Industrial environments have much harsher conditions than those found in typical office environments. Not only do they often have extremes of temperatures and humidity, plus dirt and corrosive materials, they may also contain devices such as motors and mechanical switches, which cause a large amount of electromagnetic interference (EMI).

The challenge with industrial controls and network components, as well as with other electronic devices intended for use in harsh environments is to have them function reliably in spite of adverse conditions.

There is a distinct set of features that makes industrial devices different from components intended for office or data center use. These features are:

1. Extended temperature range. Temperature tolerances from -25 to +60° C (-13 to 140° F) are common and you can even find devices rated for extremes to -40 to +75° C (-40 to +167° F).
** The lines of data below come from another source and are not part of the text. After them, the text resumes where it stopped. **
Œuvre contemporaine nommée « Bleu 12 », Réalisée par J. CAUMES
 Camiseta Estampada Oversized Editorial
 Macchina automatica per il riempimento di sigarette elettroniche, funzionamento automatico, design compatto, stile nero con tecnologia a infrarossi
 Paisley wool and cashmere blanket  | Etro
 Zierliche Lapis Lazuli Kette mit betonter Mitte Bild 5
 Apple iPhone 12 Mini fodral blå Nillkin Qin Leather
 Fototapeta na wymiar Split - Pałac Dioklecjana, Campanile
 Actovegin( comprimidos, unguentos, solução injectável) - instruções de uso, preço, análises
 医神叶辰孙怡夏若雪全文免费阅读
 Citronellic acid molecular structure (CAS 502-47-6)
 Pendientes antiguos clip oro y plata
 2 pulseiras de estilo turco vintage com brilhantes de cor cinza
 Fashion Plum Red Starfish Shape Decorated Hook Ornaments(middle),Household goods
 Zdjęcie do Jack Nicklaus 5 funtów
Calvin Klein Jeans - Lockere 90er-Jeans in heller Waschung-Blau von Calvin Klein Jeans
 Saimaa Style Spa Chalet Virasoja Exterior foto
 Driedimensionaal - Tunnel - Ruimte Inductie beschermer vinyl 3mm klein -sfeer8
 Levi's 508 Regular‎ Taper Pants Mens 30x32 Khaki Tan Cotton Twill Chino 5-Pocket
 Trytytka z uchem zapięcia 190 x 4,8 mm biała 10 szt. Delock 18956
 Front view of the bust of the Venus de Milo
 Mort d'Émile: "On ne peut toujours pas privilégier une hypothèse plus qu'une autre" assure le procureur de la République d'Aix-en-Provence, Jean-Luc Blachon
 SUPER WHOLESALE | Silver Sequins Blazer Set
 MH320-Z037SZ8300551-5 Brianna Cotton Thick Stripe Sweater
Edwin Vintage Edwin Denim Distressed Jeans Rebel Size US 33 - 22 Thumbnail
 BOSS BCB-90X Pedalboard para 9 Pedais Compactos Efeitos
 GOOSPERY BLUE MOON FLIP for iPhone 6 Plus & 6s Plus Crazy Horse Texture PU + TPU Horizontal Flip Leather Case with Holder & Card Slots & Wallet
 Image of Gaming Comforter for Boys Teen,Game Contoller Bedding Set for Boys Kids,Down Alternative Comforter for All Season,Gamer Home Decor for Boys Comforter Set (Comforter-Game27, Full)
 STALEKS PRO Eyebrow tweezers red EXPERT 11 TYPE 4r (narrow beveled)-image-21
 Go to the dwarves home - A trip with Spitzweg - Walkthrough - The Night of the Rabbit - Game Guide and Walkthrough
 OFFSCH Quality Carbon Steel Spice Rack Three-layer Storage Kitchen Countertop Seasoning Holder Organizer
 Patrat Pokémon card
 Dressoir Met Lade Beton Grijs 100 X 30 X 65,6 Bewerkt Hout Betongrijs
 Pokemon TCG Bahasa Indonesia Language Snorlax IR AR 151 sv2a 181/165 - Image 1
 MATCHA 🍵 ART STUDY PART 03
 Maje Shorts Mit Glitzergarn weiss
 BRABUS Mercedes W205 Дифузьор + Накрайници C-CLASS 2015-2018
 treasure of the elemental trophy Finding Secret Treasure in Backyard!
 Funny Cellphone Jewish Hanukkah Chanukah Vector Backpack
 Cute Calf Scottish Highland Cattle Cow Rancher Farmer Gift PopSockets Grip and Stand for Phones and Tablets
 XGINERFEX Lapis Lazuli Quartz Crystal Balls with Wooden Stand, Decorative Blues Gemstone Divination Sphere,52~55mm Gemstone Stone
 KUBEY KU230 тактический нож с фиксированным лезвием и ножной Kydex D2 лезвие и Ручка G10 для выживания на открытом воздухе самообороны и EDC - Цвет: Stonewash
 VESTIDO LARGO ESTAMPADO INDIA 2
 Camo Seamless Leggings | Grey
2. Resistance to moisture and contaminants. Industrial components are housed in hardened cases that are sealed against contaminants including particulates such as airborne dust, as well as moisture and sometimes chemicals. Some extreme environments may require devices with conformal coating, which is a special film or coating applied to electronic circuitry to provide additional protection.

3. Specialized power supplies. Because of the great variation in power available at industrial sites, industrial components are usually sold separately from their power supply. You need to choose the correct power supply to match both the type of power input from the power grid and the output expected by the powered device.